Disclosure is not voluntary document-sharing. It is a formal case-management process linked to the issues the Tribunal must decide. Relevant documents may help, harm, support or undermine a party’s case.
Publication snapshot
- Disclosure is not limited to documents a party wants to rely on.
- Relevance depends on the issues the Tribunal has to decide.
- Harmful documents may still matter.
- Disclosure and the hearing bundle are related but different.
- Privilege, confidentiality, redaction and late disclosure require care.
The first trap: “I only disclose what helps me”
Disclosure can sound simple.
One side has documents. The other side has documents. They exchange what matters. The case moves on.
That is the theory.
In practice, disclosure is one of the points where Employment Tribunal claims can start to go wrong.
A party may think disclosure means sending only the documents that help them. A claimant may hold back an awkward email because it damages the story they want to tell. A respondent may resist producing internal documents because they are embarrassing, confidential or commercially sensitive. Either side may assume that if a document is not in the final hearing bundle, it does not matter.
Those assumptions are unsafe.
Disclosure is not voluntary document-sharing. It is a formal case-management process. It is about relevant documents and information connected to the issues the Tribunal has to decide.
That may include documents a party wants to rely on.
It may also include documents that harm that party’s case, support the other side, or show that the pleaded case is more complicated than the party would prefer.
Relevance depends on the issues
Disclosure does not exist in isolation.
It follows the issues.
That is why the list of issues matters. A document is not disclosable simply because it mentions the workplace, the manager, the grievance or the dismissal. The question is whether it is relevant to something the Tribunal has to decide.
In an unfair dismissal claim, relevant documents may include disciplinary material, investigation records, appeal notes, policies, correspondence, witness material and documents going to the reason for dismissal or fairness of the process.

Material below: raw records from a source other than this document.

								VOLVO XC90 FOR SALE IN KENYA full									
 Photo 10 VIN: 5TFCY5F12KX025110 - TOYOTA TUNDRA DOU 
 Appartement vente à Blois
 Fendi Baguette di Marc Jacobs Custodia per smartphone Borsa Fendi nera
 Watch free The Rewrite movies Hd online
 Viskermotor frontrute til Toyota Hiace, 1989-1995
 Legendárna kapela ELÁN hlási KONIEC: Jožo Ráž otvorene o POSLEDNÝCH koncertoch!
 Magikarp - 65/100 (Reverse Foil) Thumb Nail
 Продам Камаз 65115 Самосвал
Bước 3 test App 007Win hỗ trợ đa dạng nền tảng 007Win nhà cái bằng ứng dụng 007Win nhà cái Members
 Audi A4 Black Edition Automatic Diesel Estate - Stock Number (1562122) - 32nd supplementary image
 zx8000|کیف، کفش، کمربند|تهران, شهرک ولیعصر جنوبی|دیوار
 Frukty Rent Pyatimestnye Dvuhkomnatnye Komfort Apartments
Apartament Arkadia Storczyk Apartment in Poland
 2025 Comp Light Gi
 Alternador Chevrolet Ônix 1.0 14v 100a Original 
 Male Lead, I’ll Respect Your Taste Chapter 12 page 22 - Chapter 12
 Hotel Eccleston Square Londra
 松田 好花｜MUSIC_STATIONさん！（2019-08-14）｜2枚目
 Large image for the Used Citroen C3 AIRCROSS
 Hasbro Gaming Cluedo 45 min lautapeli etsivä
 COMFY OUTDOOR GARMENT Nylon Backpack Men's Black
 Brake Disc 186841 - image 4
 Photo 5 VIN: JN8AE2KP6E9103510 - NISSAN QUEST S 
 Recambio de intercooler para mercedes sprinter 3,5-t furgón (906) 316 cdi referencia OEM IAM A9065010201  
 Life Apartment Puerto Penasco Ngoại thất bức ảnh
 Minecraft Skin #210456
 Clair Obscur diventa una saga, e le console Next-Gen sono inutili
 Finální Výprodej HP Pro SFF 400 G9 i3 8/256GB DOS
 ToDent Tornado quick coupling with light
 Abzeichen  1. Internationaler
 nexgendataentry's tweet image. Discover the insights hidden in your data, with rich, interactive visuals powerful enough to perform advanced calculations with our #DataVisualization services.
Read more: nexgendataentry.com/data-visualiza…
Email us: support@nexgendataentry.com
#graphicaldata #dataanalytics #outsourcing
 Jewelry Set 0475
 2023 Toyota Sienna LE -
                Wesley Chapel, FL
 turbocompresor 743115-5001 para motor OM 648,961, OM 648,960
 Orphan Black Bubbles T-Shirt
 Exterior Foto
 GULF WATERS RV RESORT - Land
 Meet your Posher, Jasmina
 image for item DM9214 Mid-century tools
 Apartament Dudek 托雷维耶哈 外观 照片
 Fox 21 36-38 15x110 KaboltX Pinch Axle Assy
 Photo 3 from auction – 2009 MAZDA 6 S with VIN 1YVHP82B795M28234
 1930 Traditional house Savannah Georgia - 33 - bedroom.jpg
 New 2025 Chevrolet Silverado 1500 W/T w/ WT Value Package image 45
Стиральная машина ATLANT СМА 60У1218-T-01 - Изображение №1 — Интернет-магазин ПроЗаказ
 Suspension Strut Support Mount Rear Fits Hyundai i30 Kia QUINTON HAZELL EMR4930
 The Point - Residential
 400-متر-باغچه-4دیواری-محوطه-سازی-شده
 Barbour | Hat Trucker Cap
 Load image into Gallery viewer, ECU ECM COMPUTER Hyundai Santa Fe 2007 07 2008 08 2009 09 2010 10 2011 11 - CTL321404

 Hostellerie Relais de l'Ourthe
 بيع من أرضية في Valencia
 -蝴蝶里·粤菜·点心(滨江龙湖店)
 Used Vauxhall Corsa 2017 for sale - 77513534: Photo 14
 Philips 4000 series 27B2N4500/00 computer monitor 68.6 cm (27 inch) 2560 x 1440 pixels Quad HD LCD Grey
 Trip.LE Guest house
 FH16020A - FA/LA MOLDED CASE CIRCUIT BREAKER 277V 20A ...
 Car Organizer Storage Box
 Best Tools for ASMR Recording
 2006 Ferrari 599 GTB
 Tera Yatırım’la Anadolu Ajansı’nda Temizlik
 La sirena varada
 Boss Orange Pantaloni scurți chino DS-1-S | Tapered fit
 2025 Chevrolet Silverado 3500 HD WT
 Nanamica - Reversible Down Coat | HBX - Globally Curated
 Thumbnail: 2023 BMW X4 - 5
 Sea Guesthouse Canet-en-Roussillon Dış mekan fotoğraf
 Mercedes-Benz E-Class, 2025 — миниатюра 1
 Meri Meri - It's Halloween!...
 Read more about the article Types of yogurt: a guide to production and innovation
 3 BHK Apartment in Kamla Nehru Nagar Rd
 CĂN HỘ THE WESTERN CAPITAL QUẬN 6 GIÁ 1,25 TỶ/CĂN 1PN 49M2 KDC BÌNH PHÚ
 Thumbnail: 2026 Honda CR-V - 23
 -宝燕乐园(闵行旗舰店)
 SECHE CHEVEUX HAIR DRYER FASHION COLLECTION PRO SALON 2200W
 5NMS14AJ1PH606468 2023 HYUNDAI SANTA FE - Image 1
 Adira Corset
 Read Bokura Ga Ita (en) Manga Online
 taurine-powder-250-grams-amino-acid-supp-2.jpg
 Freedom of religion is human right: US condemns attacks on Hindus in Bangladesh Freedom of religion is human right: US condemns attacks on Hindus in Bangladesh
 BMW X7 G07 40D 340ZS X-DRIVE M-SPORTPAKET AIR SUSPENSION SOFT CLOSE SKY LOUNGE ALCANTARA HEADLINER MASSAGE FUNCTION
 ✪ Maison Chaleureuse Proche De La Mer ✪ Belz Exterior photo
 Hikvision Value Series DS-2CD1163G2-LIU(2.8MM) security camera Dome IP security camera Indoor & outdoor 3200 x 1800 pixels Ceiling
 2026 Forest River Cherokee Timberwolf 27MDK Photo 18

In a discrimination claim, relevant documents may include communications about the treatment complained of, comparator material, grievance records, decision-making documents, occupational health material, reasonable adjustment correspondence and documents that may help the Tribunal decide whether the treatment occurred and why.
In a whistleblowing claim, relevant documents may include the alleged disclosures, how they were handled, who knew about them, what happened afterwards, and whether the alleged detriment or dismissal was connected to the disclosure.
Those examples are not exhaustive.
They show the principle: documents are assessed by reference to the live issues.
That also means disclosure requests should be focused. A party asking for “all emails about me” or “all documents relating to the workplace” may be asking for too much. A better request identifies the issue, the relevant period, the people involved, the type of document sought, and why the document matters.
Key distinction
Disclosure is issue-led. The question is not whether a document is interesting, embarrassing or connected to the workplace. The question is whether it is relevant to what the Tribunal must decide.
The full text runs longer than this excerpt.